# Task details
Once you have found the line with "Fazenda/Sítio com 4" in the records below, retype it and every line after it to the end exactly, with no pictures and nothing more.

# Records for processing
#####

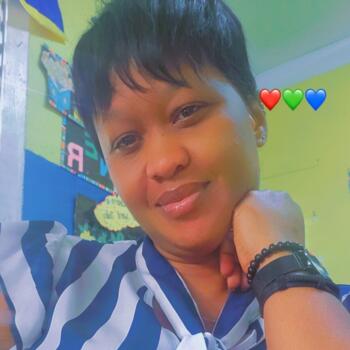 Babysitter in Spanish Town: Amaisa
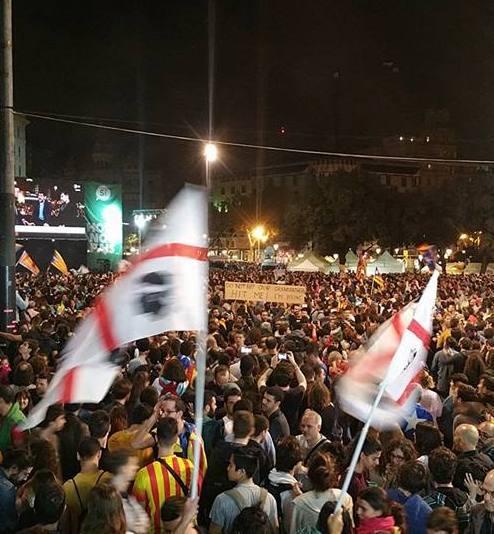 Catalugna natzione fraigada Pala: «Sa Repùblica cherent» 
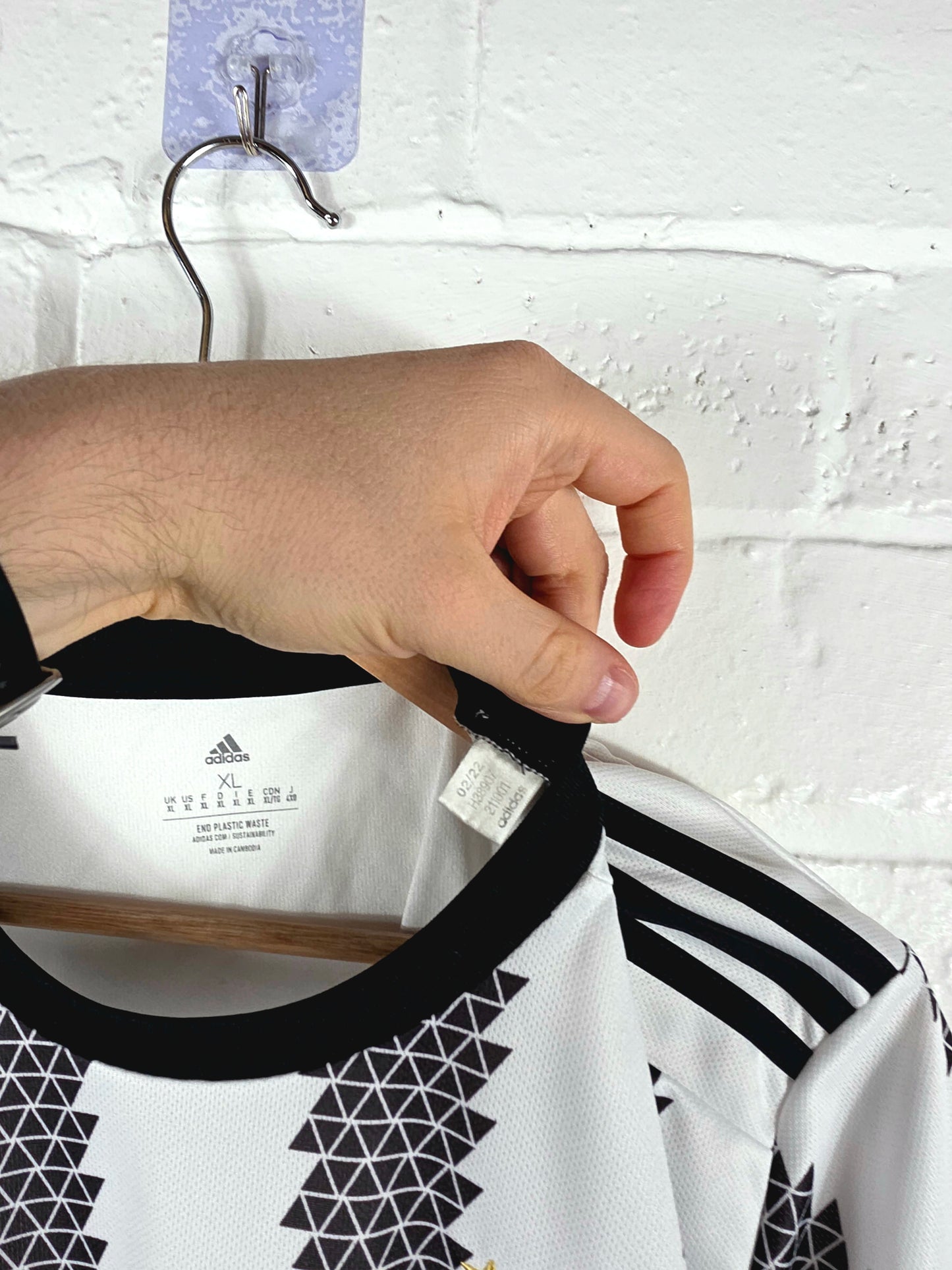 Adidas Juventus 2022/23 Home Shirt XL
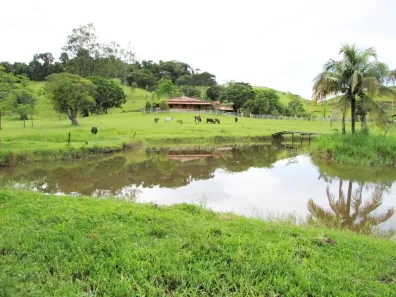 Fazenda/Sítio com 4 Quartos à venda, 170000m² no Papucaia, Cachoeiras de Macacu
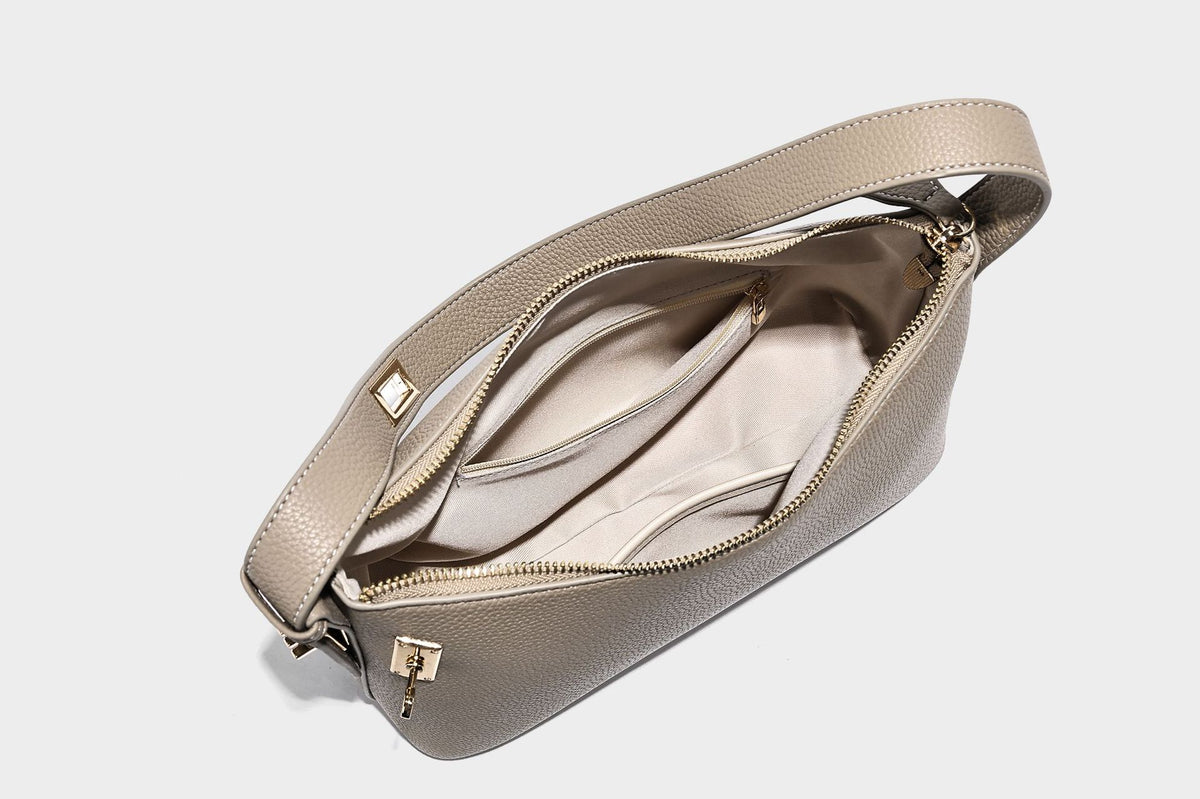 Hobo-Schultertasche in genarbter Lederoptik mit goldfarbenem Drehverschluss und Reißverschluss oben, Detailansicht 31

#####

# Final answer
 Fazenda/Sítio com 4 Quartos à venda, 170000m² no Papucaia, Cachoeiras de Macacu
 Hobo-Schultertasche in genarbter Lederoptik mit goldfarbenem Drehverschluss und Reißverschluss oben, Detailansicht 31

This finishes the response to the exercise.